Тай почувствовал, как горечь обжигает горло. Джордж снова стал следить за игрой. Тай ждал, что он скажет что-нибудь еще, но Виллануэва уже громко подбадривал наступающих игроков, на этот раз «Львов».

— Эльюва, блокируй Смита! Смита!

— Эй, Джордж, — крикнул Тай, стараясь перекричать шум, — ты скучаешь по игре?

— Черт, я, наоборот, рад, что давно не играю. Мне бы уже пришлось вставить протезы вместо раздолбанных коленей. — Не отрываясь следя за полем, он добавил: — Знаешь, что сказал Микки Мантл, когда кто-то спросил его, скучает ли он по бейсболу? Он сказал: «Я скучаю по парням».

Виллануэва кивнул, относя ответ к себе.

По проходу к ним приблизился разносчик пива. Виллануэва поднял руку размером с половину подноса:

— Эй, человек, пива. Два! В последние дни Тай много думал о своем «ребенке». Пожалуй, даже не столько о нем, сколько о его матери, Эллисон, которая сказала ему, что сын был для нее «всем». Она буквально засветилась изнутри, говоря это. Тай чувствовал, что должен ей что-то, хотя и не мог сказать, что именно. Как она живет теперь, без Квинна? Тай поклялся себе, что узнает, хорошо понимая, что все стали бы отговаривать его от такого решения — адвокаты, коллеги и собственный здравый смысл.

Глава 9


В назначенное время Тина вошла в кабинет Хардинга Хутена на верхнем этаже больницы. Хутен и юрисконсульт больницы ждали ее, сидя в креслах перед столом Хутена. Это был нехороший знак. На Хутене был отутюженный и накрахмаленный белый халат и бабочка в полоску. Юрисконсульт был в повседневном, но дорогом костюме. Мужчины не улыбнулись, когда она вошла в кабинет. В последний раз Тина была здесь, когда Хутен брал ее на работу на должность штатного хирурга. Тогда улыбка не сходила с его лица.
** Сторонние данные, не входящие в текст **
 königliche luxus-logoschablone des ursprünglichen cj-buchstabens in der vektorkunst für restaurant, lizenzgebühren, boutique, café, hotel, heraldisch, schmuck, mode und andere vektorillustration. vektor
— Садитесь, Тина. — Хутен жестом указал на кушетку. Тина села. Хутен поправил бабочку и заговорил: — Я хочу поговорить о докторе Робидо. Только что я беседовал с Тоддом об иске, предъявленном больнице из-за ее плохой работы. Конечно, мы застрахованы, но такие большие выплаты всегда не в интересах больницы. Мне пришлось позвонить генеральному директору, и, как вы можете себе представить, разговор был не из приятных.
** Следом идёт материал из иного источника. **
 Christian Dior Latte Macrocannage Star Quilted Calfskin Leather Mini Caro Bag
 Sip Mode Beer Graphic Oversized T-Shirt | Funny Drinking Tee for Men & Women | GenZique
— Доктор Хутен, — начала Тина, — по моему мнению, доктор Робидо была готова к такой операции.

— Тина, у нас постоянно возникают проблемы, когда резиденты выполняют такие операции.
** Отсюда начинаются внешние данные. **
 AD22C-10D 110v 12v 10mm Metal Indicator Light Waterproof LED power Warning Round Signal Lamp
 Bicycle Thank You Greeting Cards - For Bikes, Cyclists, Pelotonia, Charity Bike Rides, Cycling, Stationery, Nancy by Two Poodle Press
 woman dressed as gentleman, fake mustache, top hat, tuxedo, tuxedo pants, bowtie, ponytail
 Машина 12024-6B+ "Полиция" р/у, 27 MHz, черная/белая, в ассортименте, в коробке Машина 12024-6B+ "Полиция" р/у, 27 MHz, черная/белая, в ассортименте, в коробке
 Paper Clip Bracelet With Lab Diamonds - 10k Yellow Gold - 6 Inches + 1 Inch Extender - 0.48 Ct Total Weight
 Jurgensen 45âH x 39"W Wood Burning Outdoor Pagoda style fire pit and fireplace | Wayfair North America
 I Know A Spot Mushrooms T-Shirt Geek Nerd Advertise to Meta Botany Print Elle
— Мы делаем это каждый день, доктор Хутен. Помните старую мудрость: «Чтобы научиться — надо видеть и делать»?

— Вы — штатный хирург, и понятно, что ваша квалификация выше.

— Штатный хирург всегда более квалифицирован, чем резидент.

— Но в данном случае…

— Этот случай ничем не отличается от сотен других. Если штатные хирурги будут делать все операции, то как будут учиться резиденты?

Хутен вздохнул. Упрямство Тины его раздражало. Он еще раз вздохнул и снова заговорил — таким тоном разговаривают спасатели с человеком, стоящим на краю крыши и готовым спрыгнуть вниз.

— Тина, и вы, и я знаем, что больные ждут от нашей больницы высших стандартов оказания помощи. В большинстве случаев мы оправдываем их надежды. Это главная заповедь врачей, работающих в Челси. Вы же знаете, что о нас говорят: «Если тебя ранили или если ты попал под машину, то это не беда, если рядом больница Челси». Этот бойкий комментарий содержит в себе зерно истины. В самых тяжелых случаях мы работаем практически без осложнений.